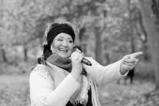 Promenadenkonzert - Yasmin Reese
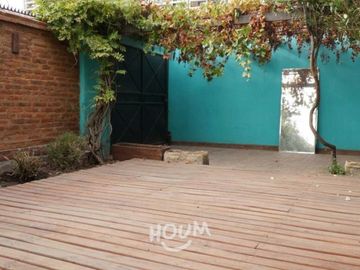 MUJICA
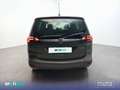 Opel Zafira 1.6 T S/S Auto Innovation Gris - thumbnail 5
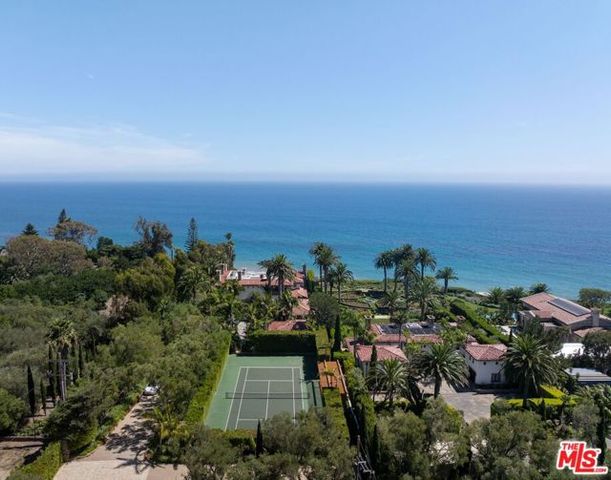 26848 Pacific Coast Highway, Malibu, CA 90265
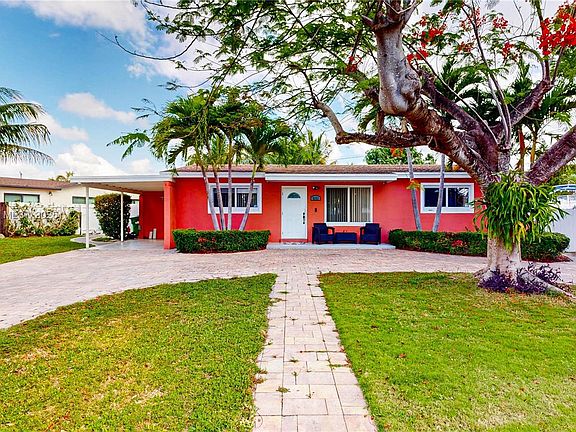 2nd image of 9251 Ocean Curve Dr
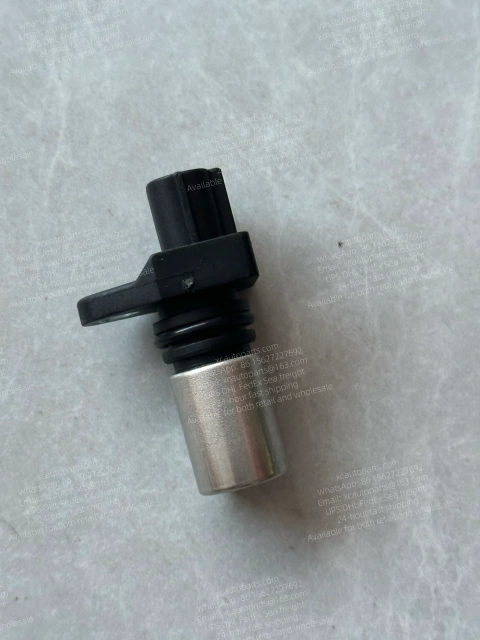 HINO 500 TRUCK ENGINE SPEED SENSOR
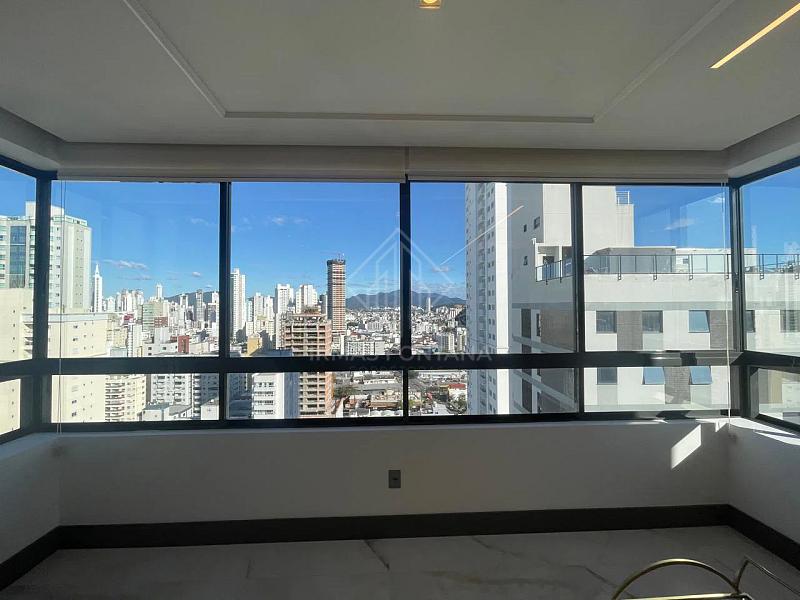 Residencial Green Ocean — foto 2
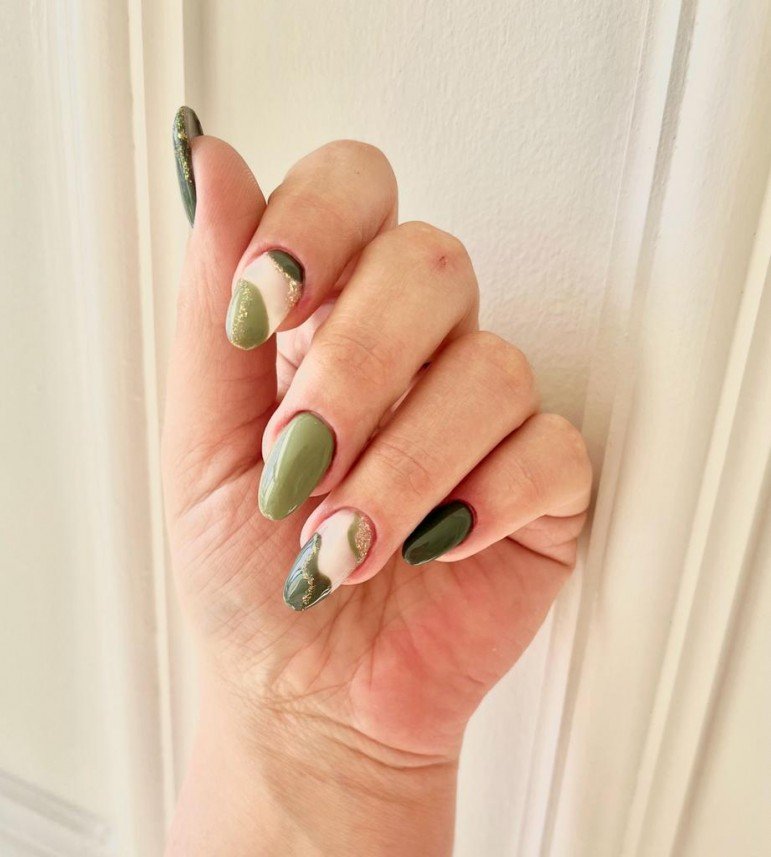 Pure & Cute Beauty Studio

--------------------------------

## Problem requirements
What you output must be exactly the lines from the line with "Residencial Green Ocean — foto 2" through the last line of the listing, pictures excluded.

## Written reply
 Residencial Green Ocean — foto 2
 Pure & Cute Beauty Studio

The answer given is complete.